Cate Blanchett a visiblement 
              inspiré Woody Allen ! Sa Jasmine est un vrai, un grand, un 
              beau personnage. L'histoire est formidablement bien écrite, 
              acide, d'un humour noir rampant, percutante, sans temps mort, construite 
              comme une ronde infernale.
              L'identité sociale de cette femme ne prête pas beaucoup 
              à l'identification... vous en connaissez beaucoup, des compagnes 
              d'hommes d'affaires richissimes ? Et le mépris qu'elle affiche 
              pour ceux qui ne sont pas de son monde donne envie de la détester, 
              d'emblée. Le récit déroule en parallèle 
              le présent – Jasmine, "ruinée", vient 
              s'installer chez sa sœur pour reprendre vie – et le passé 
              doré, où l'on voit le quotidien d'une grande bourgeoise 
              newyorkaise, de soirées mondaines en après-midi caritatives 
              en passant par les matinées shopping... épuisant ! 

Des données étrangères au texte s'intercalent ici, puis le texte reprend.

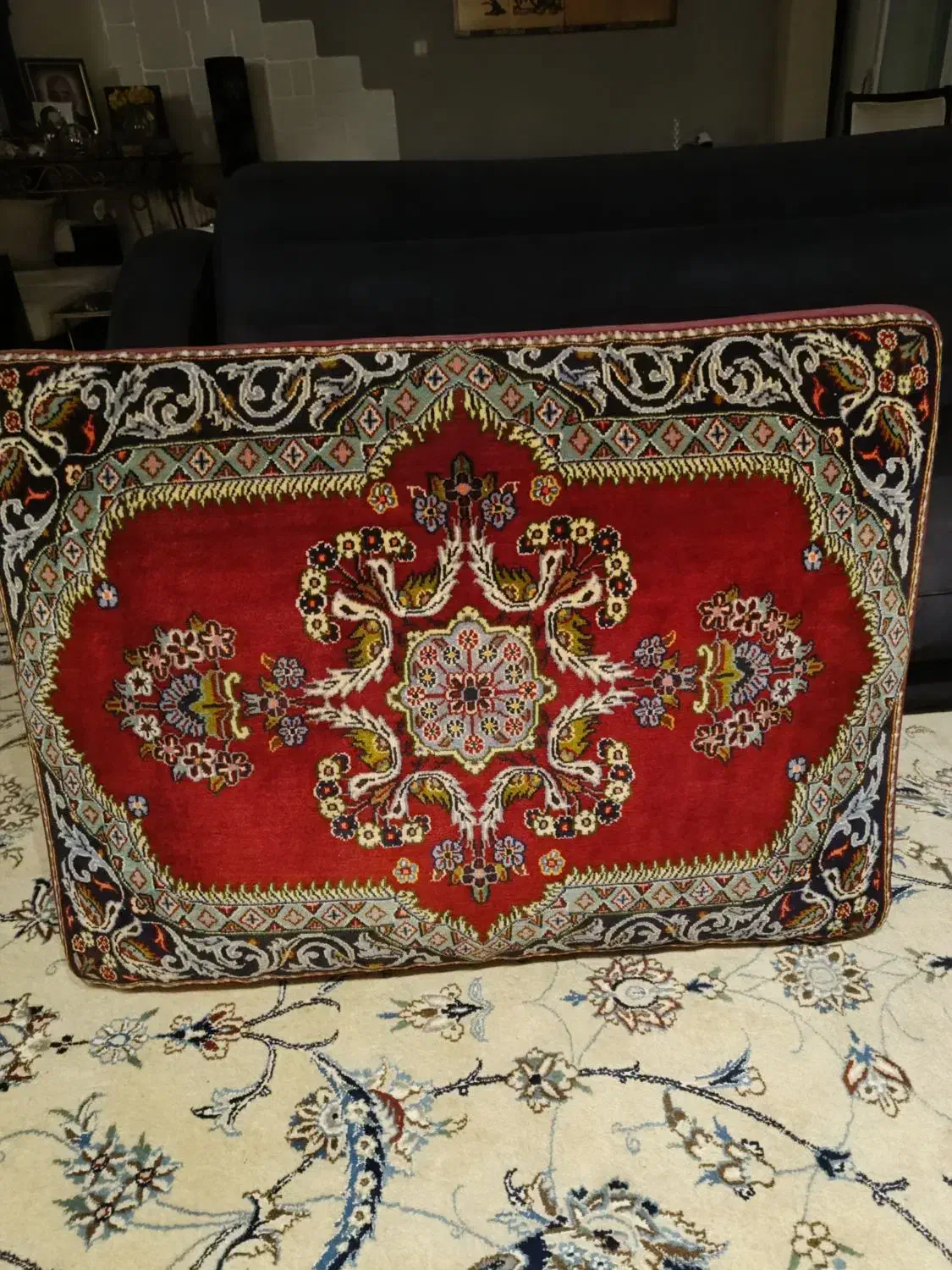 یک جفت پشتی دستباف کاشان|پشتی|تهران, تهرانپارس جنوبی|دیوار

              On apprend au passage les raisons de sa déchéance, 
              et ce qui la pousse à essayer de se relever. Bien sûr, 
              les personnages ne sont pas exempts de clichés, la sœur 
              vivant modestement est... caissière, ses compagnons successifs 
              sont soit des ivrognes, soit des menteurs; la reconversion de Jasmine 
              passe par... la décoration intérieure et il ne semble 
              y avoir que deux classes sociales qui coexistent, l'une est peuplée 
              de gros lourdauds qui regardent le sport à la télé, 
              boivent des bières, ont un langage ordurier et sont capables 
              d'être violents, l'autre est constituée de personnes 
              distinguées, hautaines, ayant un langage châtié 
              et très individualistes. Mais ce catalogue d'idées 
              reçues finit par être drôle et puis au final 
              rien ne se passe comme dans un film américain classique où 
              la morale politiquement et socialement correcte viendrait adoucir 
              les caractères et les destins des personnages. Non, Jasmine 
              n'apprendra rien des épreuves qu'elle traverse, elle gardera 
              son dédain pour les autres et sa sœur restera elle aussi 
              exactement au même point, sans aucune évolution. 
              Mais ce qui aura changé, et c'est bien là qu'on reconnaît 
              le talent de conteur de Woody Allen, c'est le regard du spectateur 
              sur les personnages. On déteste un peu moins Jasmine, elle 
              finit par nous toucher, malgré tout... L'incroyable présence 
              de Cate Blanchett y est aussi pour beaucoup, dans cette (presque) 
              tendresse que l'on éprouve pour Jasmine. Sacré numéro 
              de funambules, à la fois de l'actrice et du réalisateur 
              scénariste, qui parviennent à brosser un portrait 
              au vitriol tout en éveillant un sentiment de compassion.